La banque régionale écope d'une amende de 500.000 euros pour violation du règlement Emir sur les produits dérivés.

La Bred, Banque Populaire basée à Paris
Le montant de la sanction de la Bred est deux fois moins élevé que prévu.

Le verdict est tombé. Lundi 27 janvier, la Commission des sanctions de l'Autorité des marchés financiers (AMF) a annoncé avoir infligé une amende de 500.000 euros à la Bred, du groupe BPCE, pour «violation de plusieurs de ses obligations professionnelles applicables aux transactions sur dérivés de gré à gré, issues du règlement européen Emir». Entrée en vigueur en 2012, la réglementation Emir vide à améliorer la transparence du marché des produits dérivés.​

Le 20 décembre dernier, l’AMF avait requis une amende d’un million d’euros à l'encontre de la Bred, qui avait comparu sur des sujets relatifs au règlement Emir, allant du périmètre des produits et opérations concernés, en passant par l’interprétation des textes. Pour l'heure, la banque ne compte pas a priori faire appel mais elle regarde attentivement les 255 motifs à la sanction décidée par l’AMF avant de se réserver ou non ce droit.
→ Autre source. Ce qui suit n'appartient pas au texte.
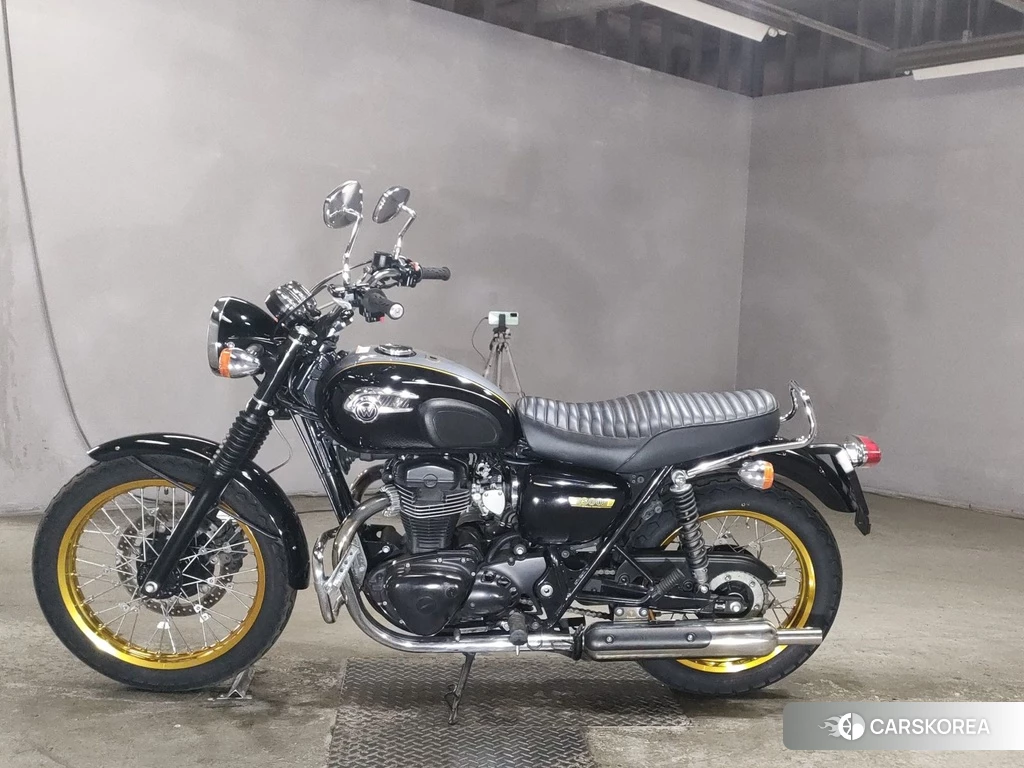 Проданный Kawasaki W800 2013 из Японии, фото 2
Le montant de la sanction étant deux fois moins élevé que prévu, la Bred se réjouit des échanges constructifs avec l’AMF sur une réglementation qui reste sujette à interprétation. La Banque Populaire basée à Paris considère qu’elle n’a créé aucun préjudice et n’a lésé personne.

Trois principaux manquements

C'est la «première fois» que l’AMF sanctionne un prestataire de services d'investissement pour des manquements à cette réglementation. La Commission des sanctions reproche à la Bred trois principaux manquements, qui se sont déroulés entre novembre 2015 et juin 2017. D’une part, la Bred a «omis de confirmer certaines transactions auprès de ses contreparties», le règlement Emir exigeant que les termes des contrats dérivés de gré à gré non compensés fassent l’objet d’une «confirmation rapide».

Ensuite, la Bred n’a pas «mis à jour quotidiennement les valorisations de certains dérivés déclarés.» Enfin, l'AMF reproche à la banque des «défaillances» dans ses contrôles sur les transactions sur dérivés de gré à gré, «ceux-ci établissant à l’époque des faits l’existence d’une insuffisance de la fonction de conformité en la matière». L’AMF a néanmoins écarté un possible «manquement à la bonne information des instances dirigeantes».

La Bred exerce une activité de marché de capitaux qui représente un peu plus de 10% de son produit net bancaire. Le groupe, qui occupe une place modeste au sein des marchés dérivés de gré à gré, estime ainsi que cette décision reste marginale pour la Place.